Sarhin del sur, Imperio del Acero

 Año 860 de la Era Vampírica

El día en que el Señor del Acero ascendió, Ravak se hundió en penumbra y cenizas. La floresta se marchitó y los animales mutaron en bestias inimaginables. Nada volvió a ser como antes. El mundo oscureció.

 

Cuando la noche tiñó de negro el cielo, los ojos de Rune se abrieron. La cabeza le dolía y sentía un frío horrible trepar por sus huesos. Trató de moverse, pero se dio cuenta de que sus manos y pies permanecían encadenadas a la pared. No había mucha luz, sin embargo, pudo notar que estaba en una pequeña celda recubierta de reluciente acero.

Sigo vivo, pensó tras recuperar el sentido. Es algo.

Los últimos momentos antes de desmayarse se agolparon en su mente. Deseó que la mujer y Archer hubieran podido escapar. ¿Dónde lo habían llevado?, sentía la boca seca y el cuerpo entumido. Intentó soltarse de las cadenas, pero fue inútil.

—Si tan solo tuviera un poco de polvo negro…

La puerta de acero se abrió repentinamente, y una figura alargada y siniestra entró en la celda. Se acercó al muchacho como una serpiente, rápida y sigilosa, y peligrosa. Sus ojos del color de plata se clavaron en los de Rune, y mientras lo tomaba del mentón, olió su cabello de fuego, luego su piel y, satisfecho, lo soltó. El joven santo se estremeció, era la primera vez que estaba tan cerca de un príncipe vampiro. Y tal cercanía le permitió descubrir que la criatura expelía un suave aroma a metal. Le pareció que el hombre estaba hecho con el mismo acero que los rodeaba. Sin duda, era un vampiro único. Seductor a su manera.

Y pese a que Rune se sentía como una presa a punto de ser devorada, se percató de que su captor no lo veía de esa forma. No había esa intención en su mirada metálica. En su lugar percibió un ansia muy poco común en los sangre oscura, como si aquel ser hubiera estado anhelando. Esperando.

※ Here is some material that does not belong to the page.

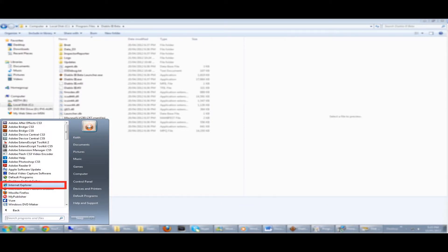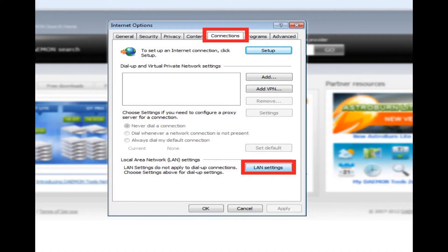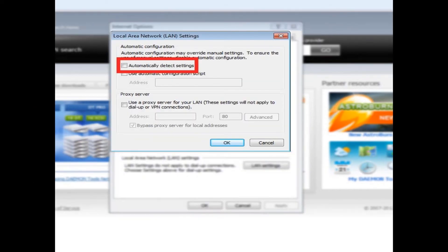Then go to Tools and Internet Options. On that Internet Options window you want to click the Connection tab. In that window you'll have to click on LAN Settings. And when you're in the LAN Settings you'll need to uncheck Automatically Detect Settings.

—Has despertado, santo —dijo en un siseo siniestro, y pensó: En sus ojos se ve el destello de una tormenta. Luego se incorporó, y sin más, salió de la celda.

Un instinto salvaje recorrió el cuerpo de Rune. Estaba justo donde nadie esperaba estar: en la cueva de la bestia. Tenía que salir de allí, pero atado como estaba y sin ninguna reserva de polvo negro a su disposición no tenía muchas opciones para liberarse.

¡Que Ashém se apiade de mí!

No sabía cuánto tiempo había pasado cuando la puerta volvió a abrirse. Esta vez un hombre encapuchado y ataviado con una túnica color marfil, entró. Su cuello estaba definido por grotescos tatuajes simbólicos que se perdían bajo su ropa. La piel era oscura, y se notaba que por sus venas corría sangre cálida y libre de contaminación vampírica. La boca de labios finos se entreabrió con un gesto de sorpresa al ver al prisionero. Aquella expresión duró solo un momento, luego fue reemplazada por una sonrisa extraña y siniestra al acercarse a él.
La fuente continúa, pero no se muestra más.